### YOUR TASK
All lines below starting at the one that holds "Self Adhesive Banana" and ending at the one that holds "2017 Audi TTS" should be printed exactly, ends included. Pictures should not be printed, nor anything else.

### INFORMATION

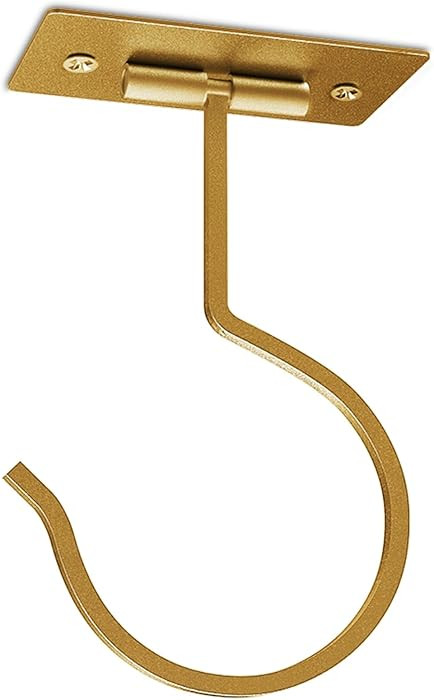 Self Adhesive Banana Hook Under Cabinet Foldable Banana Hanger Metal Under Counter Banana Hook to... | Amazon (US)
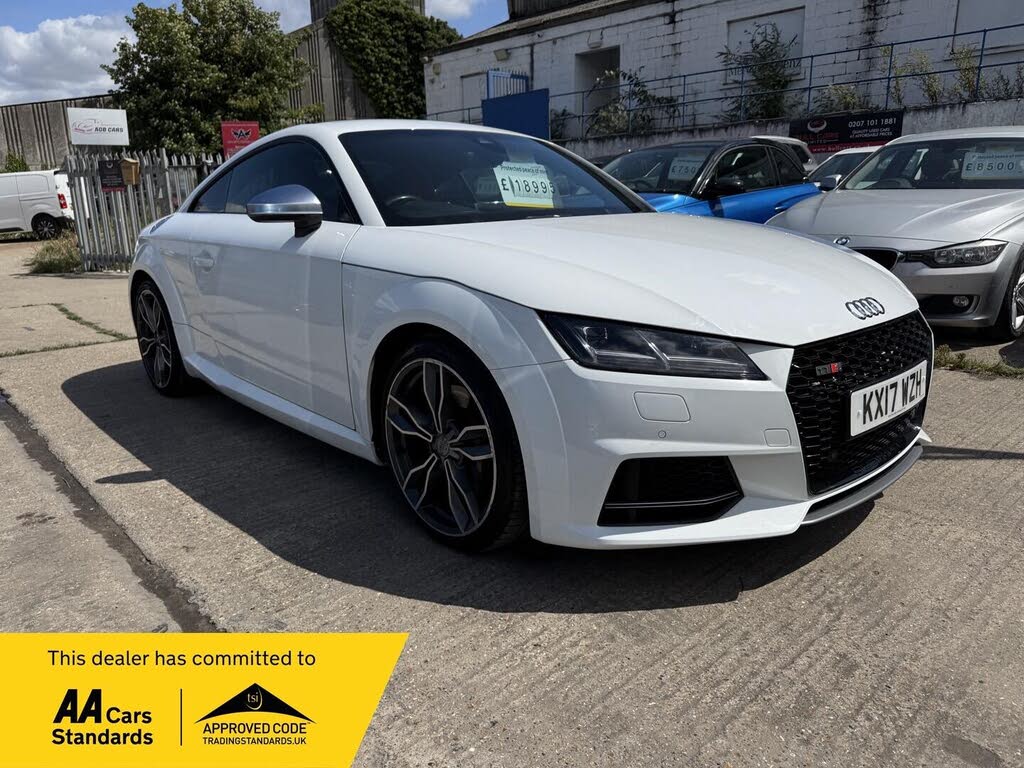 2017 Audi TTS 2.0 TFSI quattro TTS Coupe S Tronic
---
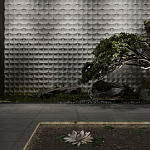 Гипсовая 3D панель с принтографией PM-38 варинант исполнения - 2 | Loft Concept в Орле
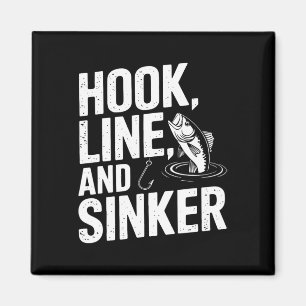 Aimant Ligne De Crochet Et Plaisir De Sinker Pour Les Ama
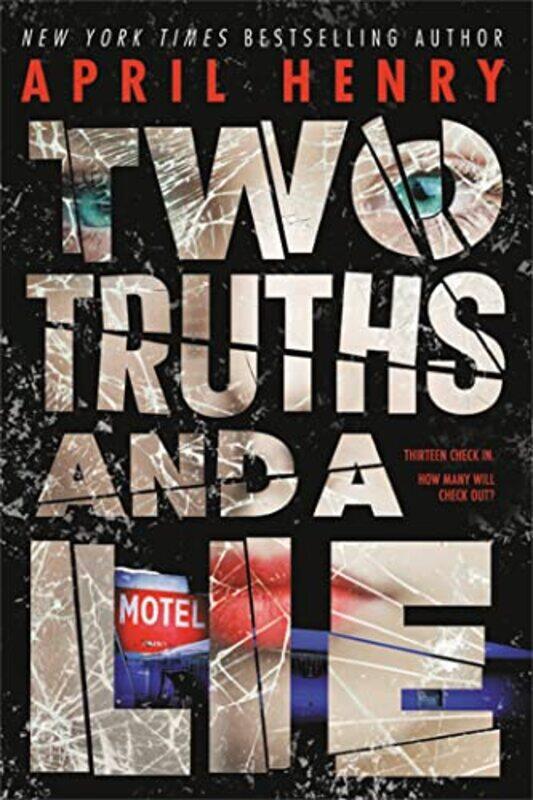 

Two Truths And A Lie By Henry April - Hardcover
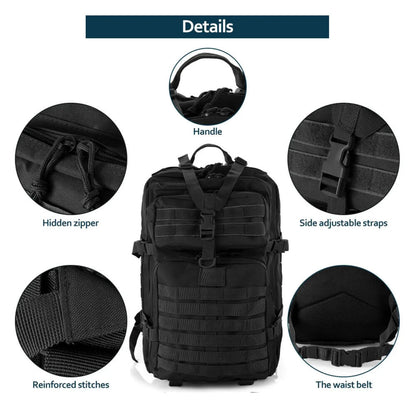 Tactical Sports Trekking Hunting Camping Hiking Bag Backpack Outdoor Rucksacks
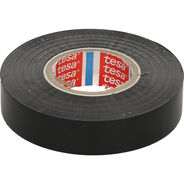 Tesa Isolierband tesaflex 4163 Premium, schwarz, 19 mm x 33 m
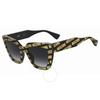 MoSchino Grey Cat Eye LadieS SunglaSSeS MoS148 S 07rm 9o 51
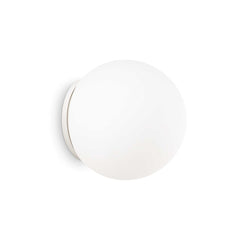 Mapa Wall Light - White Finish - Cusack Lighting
* * *
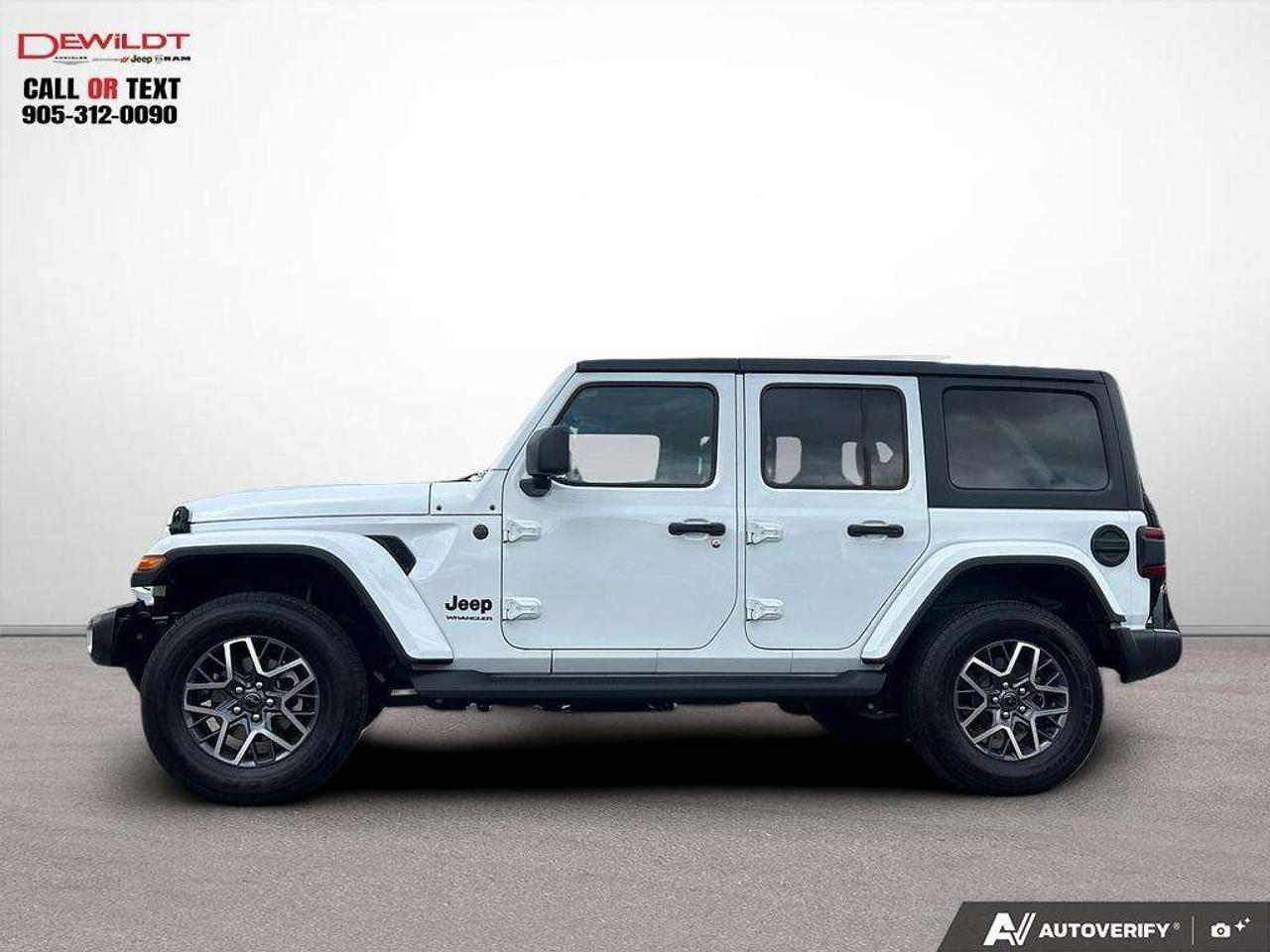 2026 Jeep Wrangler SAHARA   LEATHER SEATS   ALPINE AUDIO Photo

### RESPONSE AREA
 Self Adhesive Banana Hook Under Cabinet Foldable Banana Hanger Metal Under Counter Banana Hook to... | Amazon (US)
 2017 Audi TTS 2.0 TFSI quattro TTS Coupe S Tronic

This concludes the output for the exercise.